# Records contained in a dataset
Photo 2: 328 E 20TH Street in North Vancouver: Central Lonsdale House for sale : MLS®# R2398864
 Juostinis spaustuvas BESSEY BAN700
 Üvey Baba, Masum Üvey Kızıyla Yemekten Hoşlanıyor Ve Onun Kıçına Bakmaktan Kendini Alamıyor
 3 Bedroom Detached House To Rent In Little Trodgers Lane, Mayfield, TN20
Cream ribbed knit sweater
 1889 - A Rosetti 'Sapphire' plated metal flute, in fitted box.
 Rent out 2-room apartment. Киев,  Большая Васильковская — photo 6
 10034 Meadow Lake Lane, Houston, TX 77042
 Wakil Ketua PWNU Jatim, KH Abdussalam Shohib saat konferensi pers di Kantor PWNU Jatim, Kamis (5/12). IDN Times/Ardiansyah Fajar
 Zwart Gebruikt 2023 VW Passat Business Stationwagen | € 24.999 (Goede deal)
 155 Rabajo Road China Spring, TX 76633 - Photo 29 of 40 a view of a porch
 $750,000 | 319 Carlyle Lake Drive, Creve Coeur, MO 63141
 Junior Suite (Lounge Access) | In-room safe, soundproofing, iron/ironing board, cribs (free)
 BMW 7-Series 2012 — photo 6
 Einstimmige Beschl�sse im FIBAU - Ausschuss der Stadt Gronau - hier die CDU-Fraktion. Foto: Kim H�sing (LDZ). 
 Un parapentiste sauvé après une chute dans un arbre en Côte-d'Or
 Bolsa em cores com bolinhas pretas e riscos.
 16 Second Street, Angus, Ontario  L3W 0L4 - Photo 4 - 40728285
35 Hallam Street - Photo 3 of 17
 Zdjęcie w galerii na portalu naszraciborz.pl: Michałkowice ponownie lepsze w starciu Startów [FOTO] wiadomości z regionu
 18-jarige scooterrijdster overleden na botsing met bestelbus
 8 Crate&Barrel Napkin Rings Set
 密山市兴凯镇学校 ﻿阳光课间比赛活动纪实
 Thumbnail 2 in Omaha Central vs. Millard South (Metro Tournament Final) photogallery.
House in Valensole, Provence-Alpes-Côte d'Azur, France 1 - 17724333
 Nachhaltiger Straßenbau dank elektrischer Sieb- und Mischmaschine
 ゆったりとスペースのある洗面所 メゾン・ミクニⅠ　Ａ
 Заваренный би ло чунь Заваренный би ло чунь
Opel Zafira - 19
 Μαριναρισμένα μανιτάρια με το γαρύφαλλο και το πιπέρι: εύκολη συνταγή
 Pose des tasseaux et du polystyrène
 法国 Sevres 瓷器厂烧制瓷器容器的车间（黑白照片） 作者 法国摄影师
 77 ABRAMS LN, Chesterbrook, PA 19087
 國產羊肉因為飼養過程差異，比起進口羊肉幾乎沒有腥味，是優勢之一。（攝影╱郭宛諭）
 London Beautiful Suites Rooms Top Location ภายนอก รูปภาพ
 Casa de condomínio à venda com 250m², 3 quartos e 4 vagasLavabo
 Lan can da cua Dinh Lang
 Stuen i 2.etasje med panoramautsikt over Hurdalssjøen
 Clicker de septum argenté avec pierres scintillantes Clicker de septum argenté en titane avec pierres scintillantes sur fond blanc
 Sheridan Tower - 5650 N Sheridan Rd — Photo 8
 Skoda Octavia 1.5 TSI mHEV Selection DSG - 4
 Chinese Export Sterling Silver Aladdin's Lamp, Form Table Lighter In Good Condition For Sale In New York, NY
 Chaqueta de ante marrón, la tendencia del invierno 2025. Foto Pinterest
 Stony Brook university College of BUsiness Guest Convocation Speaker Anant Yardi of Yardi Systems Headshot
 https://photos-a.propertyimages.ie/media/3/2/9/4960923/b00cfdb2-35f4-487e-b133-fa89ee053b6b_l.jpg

# AIM OF THE TASK
Copy exactly the stretch of data above from the line with "Einstimmige Beschl�sse im" through the line with "Thumbnail 2 in", and omit all other lines.

# TASK SOLUTION
 Einstimmige Beschl�sse im FIBAU - Ausschuss der Stadt Gronau - hier die CDU-Fraktion. Foto: Kim H�sing (LDZ). 
 Un parapentiste sauvé après une chute dans un arbre en Côte-d'Or
 Bolsa em cores com bolinhas pretas e riscos.
 16 Second Street, Angus, Ontario  L3W 0L4 - Photo 4 - 40728285
35 Hallam Street - Photo 3 of 17
 Zdjęcie w galerii na portalu naszraciborz.pl: Michałkowice ponownie lepsze w starciu Startów [FOTO] wiadomości z regionu
 18-jarige scooterrijdster overleden na botsing met bestelbus
 8 Crate&Barrel Napkin Rings Set
 密山市兴凯镇学校 ﻿阳光课间比赛活动纪实
 Thumbnail 2 in Omaha Central vs. Millard South (Metro Tournament Final) photogallery.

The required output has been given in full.